The principles of free speech and open competition have long been cherished by Americans, but it appears that the current administration in Washington is poised to trample all over these rights in America’s workplaces when it comes to employee unionization.  In my time owning and working with other small businesses, I have always understood the value of employees to express their opinions on unionization, as well as their right to make informed decisions through a confidential and supervised secret ballot process. Unfortunately, the direction taken by the Biden administration and its allies threatens to curtail these rights.
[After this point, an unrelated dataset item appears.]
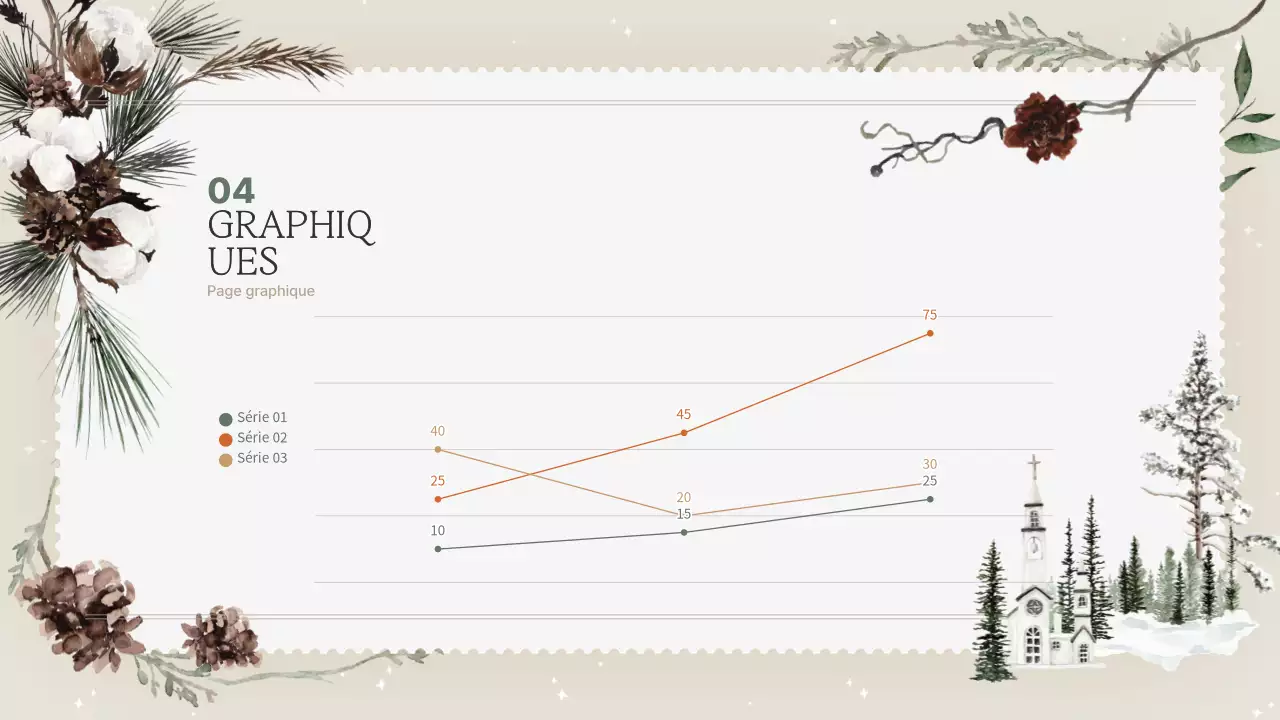 Beige Simple Winter Teaching Resources (Ressources pédagogiques simples pour l'hiver)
Unions, in step with their friends in the White House, are advocating for legislative measures and executive actions that could potentially limit or eliminate a small business owner’s ability to communicate their perspective on unionization to their employees. This troubling new rule has been introduced under the so-called “neutrality agreements” on employers seeking federal grants. Under these agreements, unions would be allowed to present and campaign their case to the employee base, while the employers are forced into silence. Employers would not even be allowed to correct misconceptions or misinformation that union leaders may be using in their materials.  Such a stance contradicts the principles of openness and fairness that our nation stands for.

The stifling of employers’ voices flies in the face of established legal and judicial precedents. The U.S. Supreme Court has consistently affirmed the right of employers to express their opinions on labor policies, a right that Congress codified into law over seven decades ago.

In addition to employers losing their free speech rights under these neutrality agreements, workers themselves lose their rights to a union election via a secret ballot. That’s because neutrality agreements also replace the traditional, NLRB-supervised election with the card check system.

In the spirit of safeguarding our fundamental values of free speech and open democracy, I urge our leaders here in Ohio, including Senator J.D. Vance, to champion the idea that open debate and the marketplace of ideas should remain untainted by these outside influences. Our democracy thrives when the most persuasive arguments prevail, regardless of who stands behind them.